Any changes to a Will must be made within 2 years of the person’s death. Any of the beneficiaries of the Will who would be adversely affected have to agree to the changes.

For example, the sole beneficiary under the terms of a Will may already have sufficient assets of their own and receiving their inheritance could mean that they have a more substantial inheritance tax liability on their own death. They may therefore wish to re-direct the assets to, for example, their children.

It is not only the sole beneficiary of an Estate that can do this. If someone is one of a number of beneficiaries, perhaps they have just been left a set sum of money and the remainder of the Estate goes elsewhere, they can change just this one provision of the Will to say who should have the legacy instead.

There are certain circumstances where changes cannot be made, for example if children under 18 would be affected or if an Attorney wishes to vary the provisions in respect of someone who no longer has capacity, in which case Court approval may be required

What if the person died without a Will

If a person dies without a Will the Intestacy Rules state who will inherit their assets. This is not always who you would expect, or indeed want, to benefit following death.

In this situation, if the people entitled to the assets under the Intestacy Rules do not wish to inherit, they can also change the way in which the Estate is distributed. Again anyone who would be adversely affected has to agree to the changes.

How are the changes made?

Although not a strict legal requirement that any changes are recorded in a formal legal document, in either of the above cases it would be normal for a Deed of Variation to be signed. The beneficiary changing their entitlement would sign the Deed, as would the Executors or Administrators of the Estate.

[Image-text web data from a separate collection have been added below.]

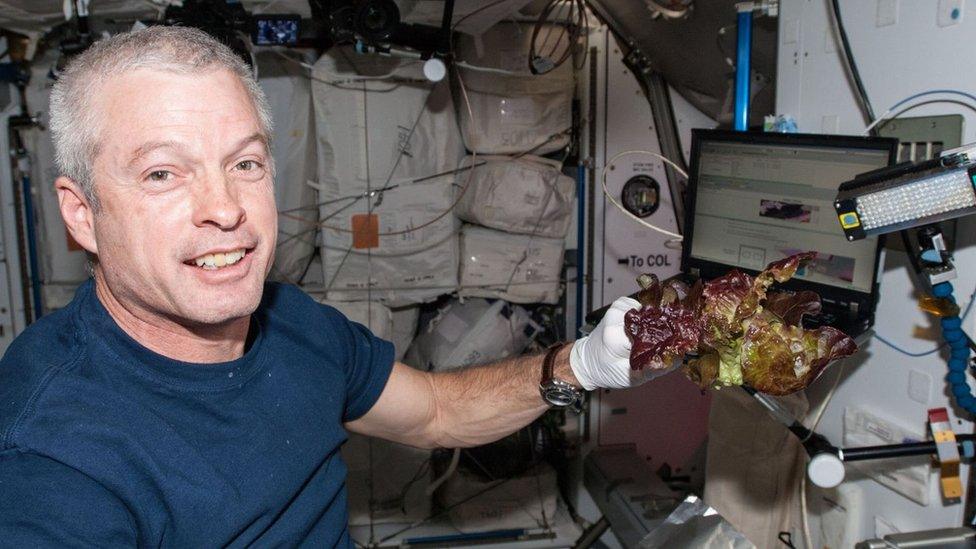 nasa-space-lettuce.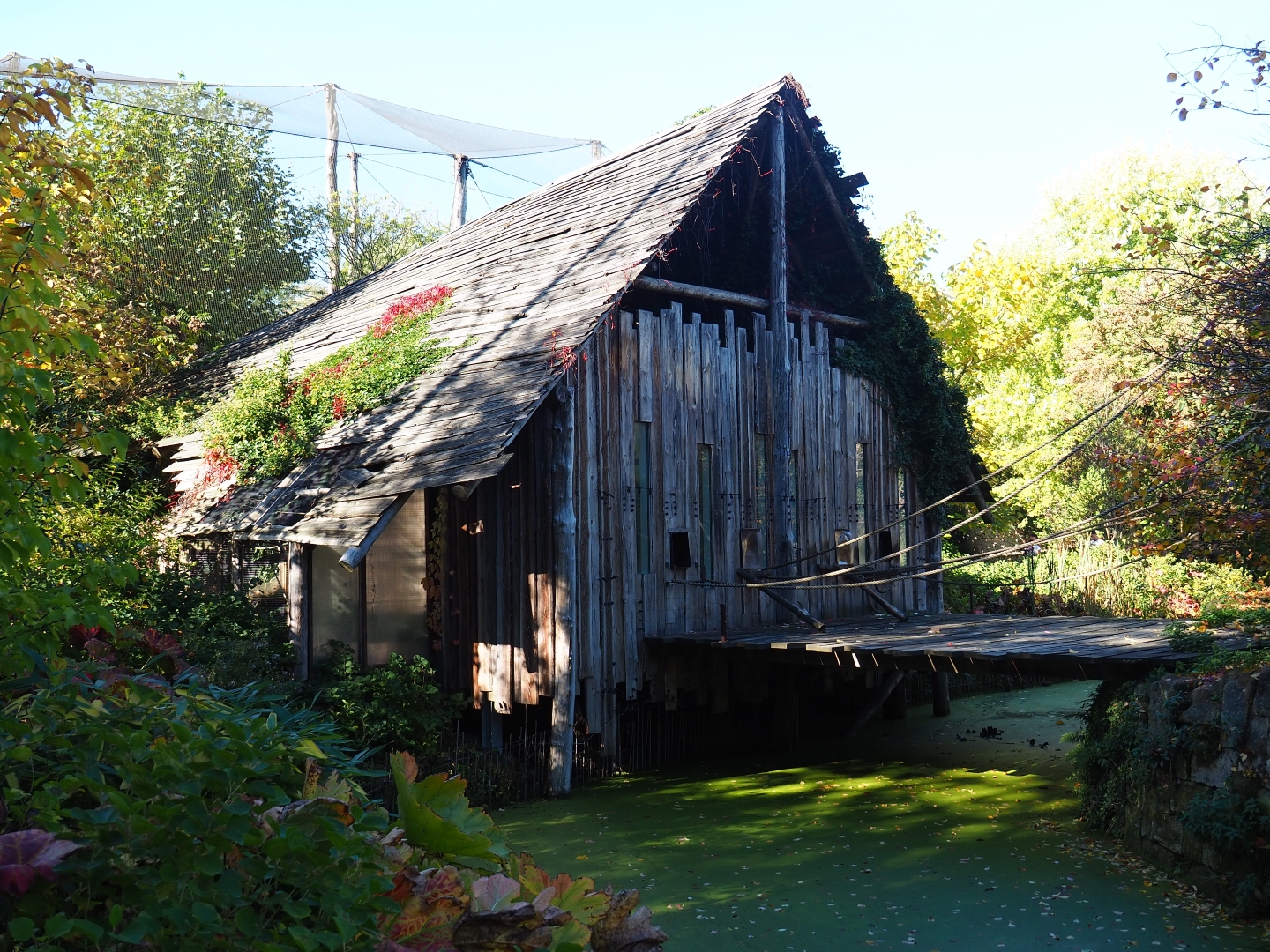 Woolly monkey house (Oct 13th, 2018)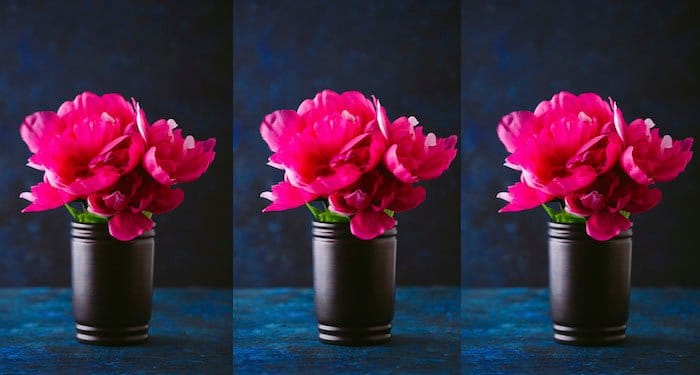 Tríptico de una maceta de flores rosas tomadas en diferentes puntos de enfoque 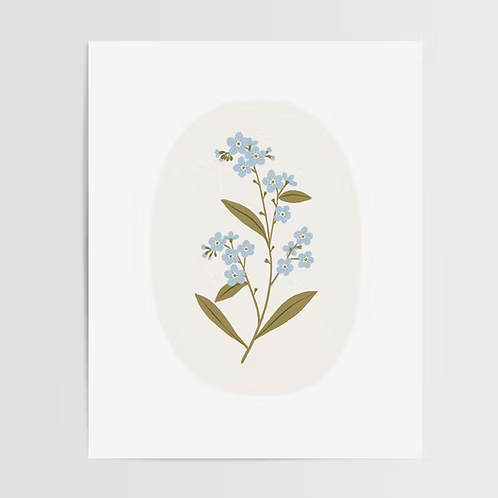 Poster - Forest Forget-me-not
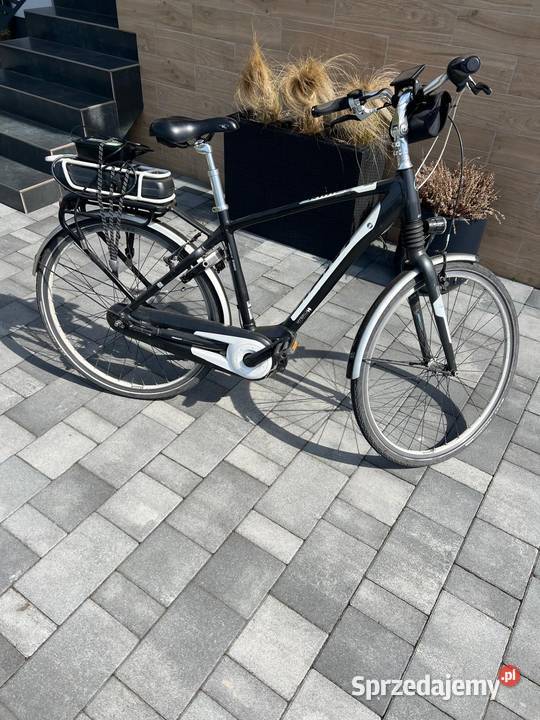 Rower elektryczny Giant Kamyk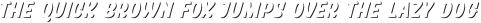 Pinsher Shadow otf (400)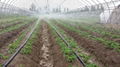 Drip irrigation  3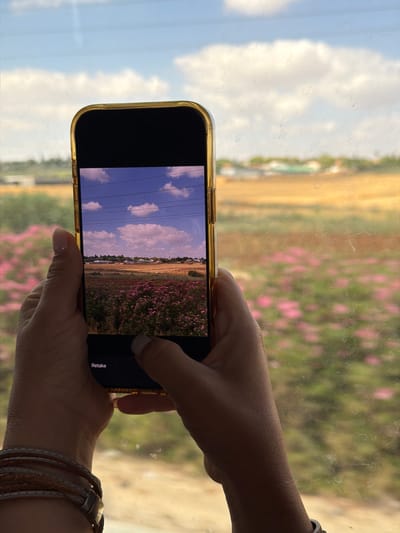 A person holds a gold-trimmed smartphone, capturing a photo of a rural landscape through a window. The phone displays a picture of a vast field with pink flowers in the foreground and a village in the distance, under a blue sky with scattered clouds. The person's hands are visible, with one thumb touching the screen and the other resting on the side of the phone. The person is wearing a bracelet made of leather and metal. The background, seen through the window, shows a blurry expanse of pink flowers and fields, and hints of buildings in the distance. The overall scene suggests a moment of capturing scenic beauty from a mobile device. The location is the city of Modi'in-Maccabim-Re'ut, Israel.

If the changes affect any tax that is payable following the death, then the Deed has to be lodged with HMRC.

The benefit to executing a Deed of Variation is that it is possible to redirect the legacy and say who should receive it instead of the original beneficiary. If the gift is simply disclaimed, then it falls in to the residue of the Estate and passes, either in accordance with the remainder of the terms of the Will, or in accordance with the Intestacy Rules.

Another advantage is that, for most purposes, it is as if the person who died made the gift, rather than the beneficiary who signs the Deed. If the beneficiary simply received the gift and then passed it on themselves, it could have tax disadvantages for them. For example, if a person inherits £100,000 and gifts the money to their children and then dies within 7 years, the value of the gift is added back in to their own Estate when calculating if they have any inheritance tax to pay. If instead they had signed a Deed of Variation, the money would not have formed part of their Estate when working out their tax liability.

Each case depends upon its individual facts and there could be technical legal provisions to consider before making a final decision. It may therefore be worth obtaining advice from a specialist in this area of work, before making a final decision. Remember, any changes must be made within 2 years of the date of death.